Foi com intenso prazer que terminei de ler “Caminhos do Jordão da Bahia”, de autoria de Filemon Francisco Martins (RG Editores – S. Paulo – 2022), que me foi por ele oferecido. O Autor é meu correspondente de longos anos, ainda que nunca tenhamos nos encontrado, e foi irmão do falecido Mário Ribeiro Martins, laborioso pesquisador literário e meu colega do Ministério Público. Somos, portanto, amigos escritos, como dizia Monteiro Lobato.

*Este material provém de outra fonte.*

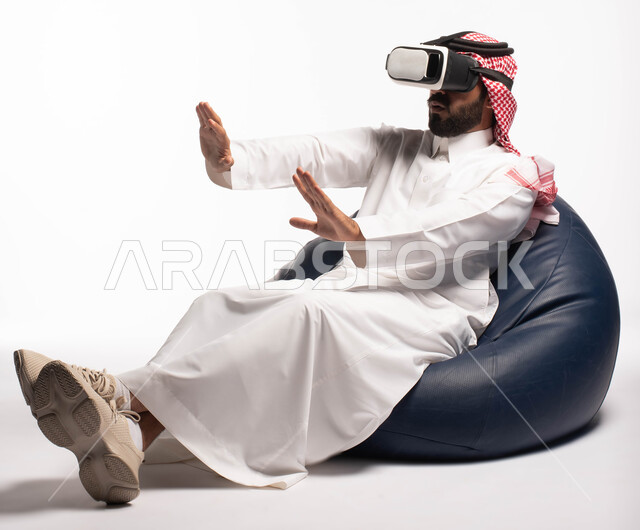 الاستمتاع بمشاهدة أفلام الواقع الافتراضي، استخدام حاسة اللمس لتحريك العناصر الهولوجرامية، بورتريه لرجل عربي خليجي سعودي يجلس على كرسي مريح ويرتدي نظارة الواقع الافتراضي ثلاثية الابعاد، خلفية بيضاء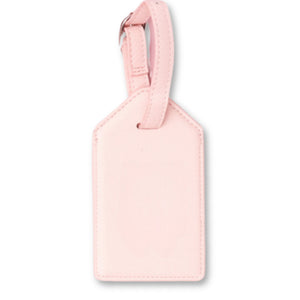 Blush pink leather luggage tag with gold foil monogram detail, ideal for stylish personalized travel.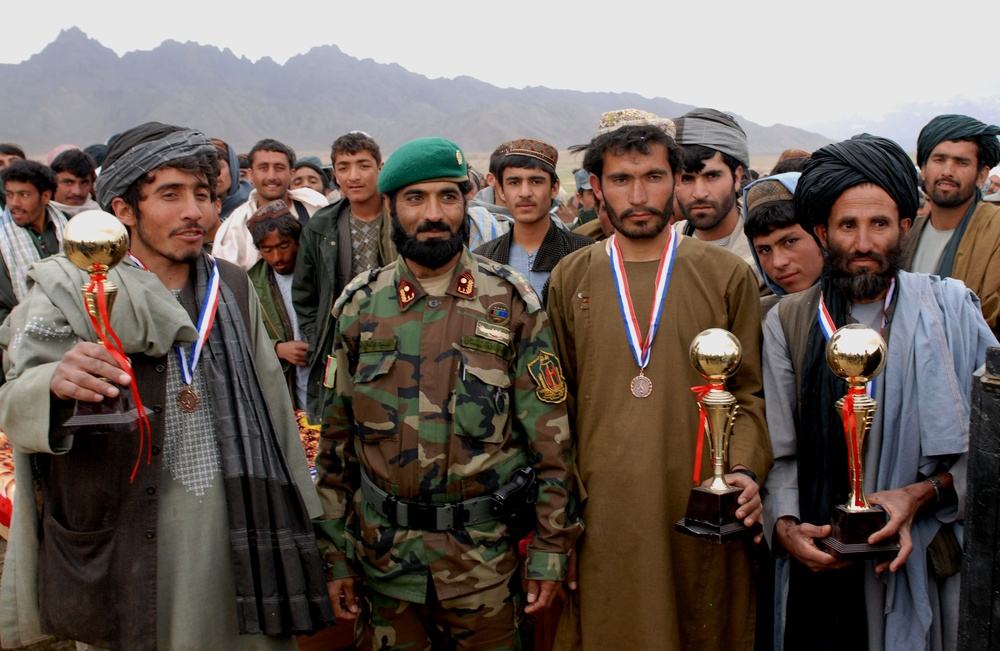 District Chief Poses with Goodwill Games Winners in Afghanistan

Nas páginas deste belo livro o Autor está inteiro e registra em traços largos toda sus experiência de vida, desde o sertão da Bahia até São Paulo e Itanhaém na dura (e vitoriosa) luta pela vida neste país em que a injustiça social se mostra quase invencível para aqueles que só podem contar consigo mesmos. Nesse sentido o livro é quase um memorial, ainda que sem o decorrer costumeiro das obras memorialistas. O Autor escreve com absoluta sinceridade, fato que transborda das palavras,
Tudo tem início em Ipupiara, no sertão baiano, onde a família Martins surge para o mundo. Esse “monstro horripilante e asqueroso” que deu nome ao antigo Jordão de Brotas teria sido visto por Pero de Magalhães Gondavo e a ele se referiram Fernão Cardim e José de Anchieta, além de Gilberto Freyre e Sérgio Buarque de Holanda que o registraram em suas obras. Dali Filemon lançou asas em busca de uma vida melhor contando apenas com seu esforço pessoal.

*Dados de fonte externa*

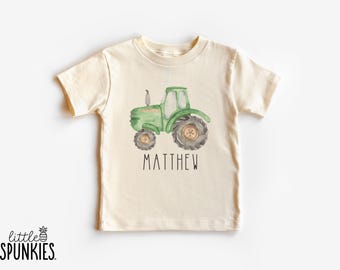 May include: A cream-colored short-sleeve t-shirt featuring a watercolor-style illustration of a green tractor in the center. Below the tractor, the name MATTHEW is printed in black capital letters. The brand logo little SPUNKIES is visible.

O Autor é dotado de excelente memória e retrata com detalhes cenas de uma infância já distante. As aventuras da juventude, inclusive andando pelas copas das mangueiras, feito macacos, os incidentes escolares, detalhes de São Paulo, de Itanhaém, a segunda cidade mais velha do país, as viagens, as decepções doloridas que a vida arma, os perfis de muitos amigos e conhecidos, incluindo figuras típicas com quem cruzou. Inesquecível a visita à cidade de Pinheiro, no Maranhão, terra de José Sarney, onde tudo, para qualquer lado, é dele ou da família.
– Aquele edifício a quem pertence?
– É da filha do Sarney.
– E aquela casa de quem é?
– É do filho do Sarney.
– E aquela emissora de rádio?
– É do Sarney.
– E aquele jornal?
– É do genro do Sarney.
– E aquela empresa?
– É da nora do Sarney.
Para completar, uma rádio local repetia sem parar:
– Um empreendimento José Sarney!
Por sorte, concluo eu, as almas eram invisíveis. É bem provável que nelas estivesse escrito: Sou do Sarney!